[Scraped caption text data]
== Segment start ==

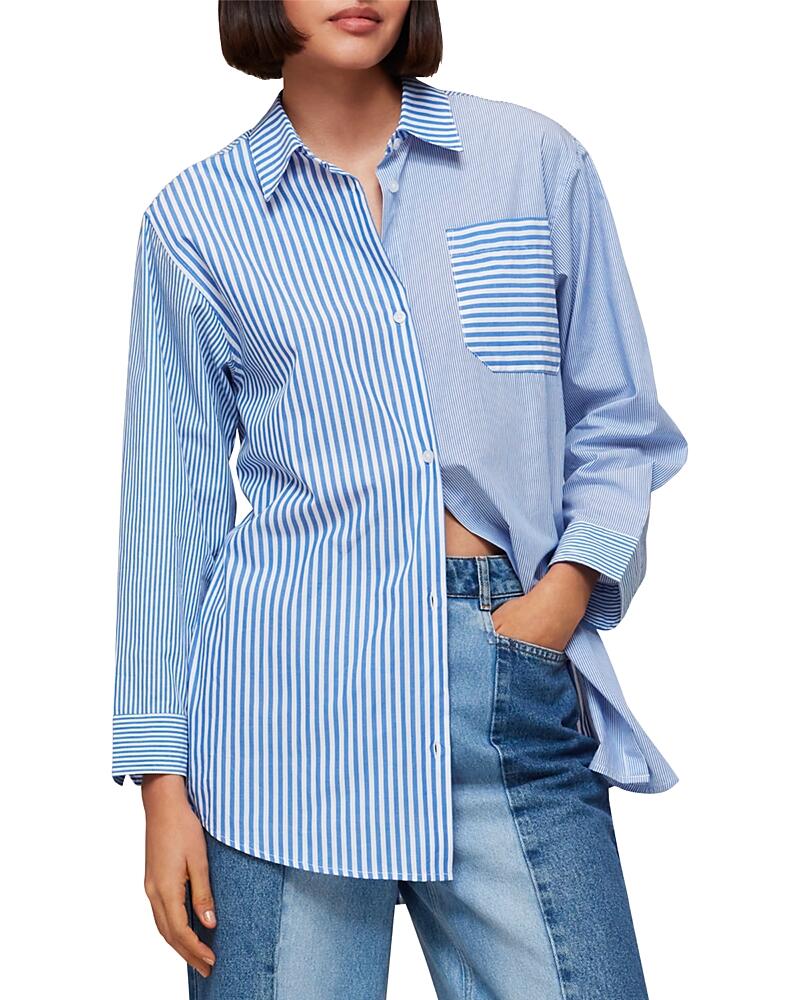 Whistles Millie Striped Oversized Shirt Cover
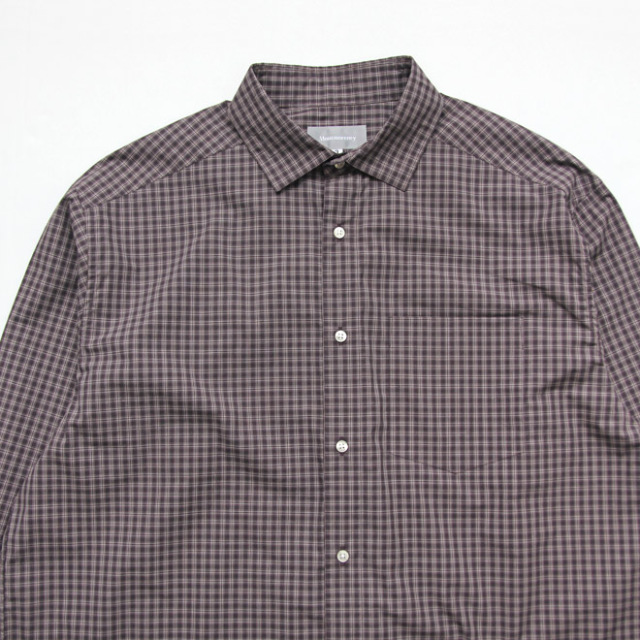 Montmorency / Relax Shirt - Raisin Brown Check
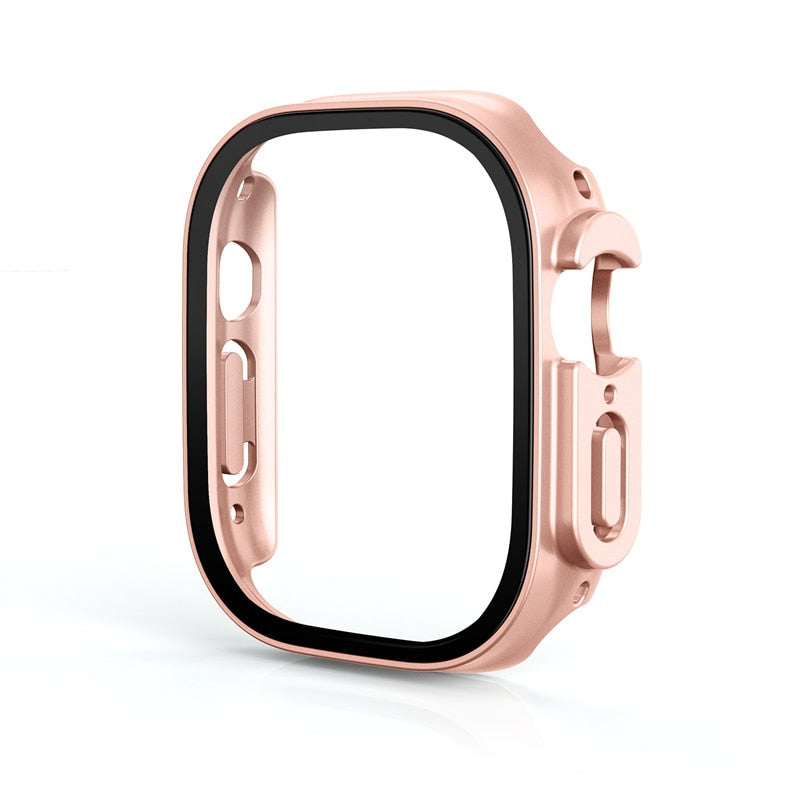 Glass+case For Apple Watch Ultra 49mm strap smartwatch PC Bumper+Screen Protector Tempered Cover iwatch series band Accessories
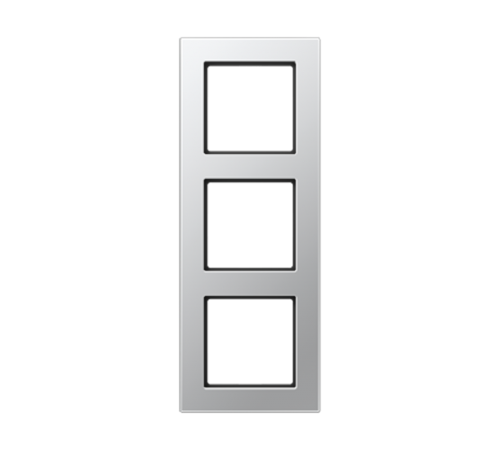 Рамка для вертикальной и горизонтальной установки, 3 поста; термопласт; алюминий; A550  A5583BFAL  Jung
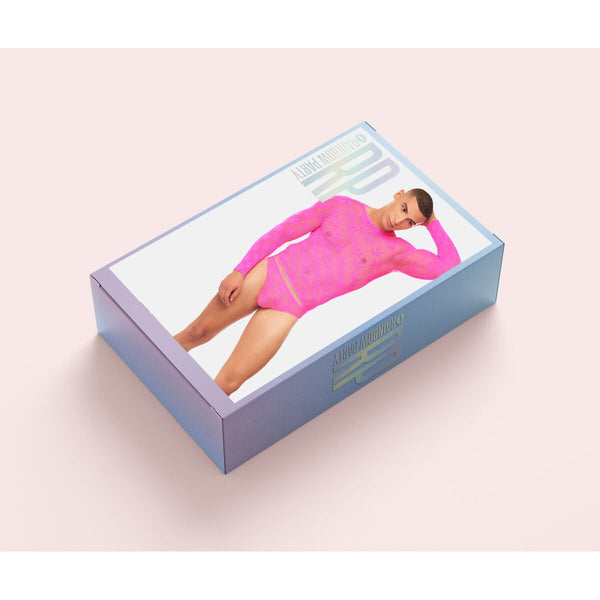 Rainbow Party Unterwäsche-Set Rosa 2-teilig L/XL - Erotik Shop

== Segment end ==

Output all of the data above exactly; no pictures should appear.

### SOLUTION TO THIS TASK
 Whistles Millie Striped Oversized Shirt Cover
 Montmorency / Relax Shirt - Raisin Brown Check
 Glass+case For Apple Watch Ultra 49mm strap smartwatch PC Bumper+Screen Protector Tempered Cover iwatch series band Accessories
 Рамка для вертикальной и горизонтальной установки, 3 поста; термопласт; алюминий; A550  A5583BFAL  Jung
 Rainbow Party Unterwäsche-Set Rosa 2-teilig L/XL - Erotik Shop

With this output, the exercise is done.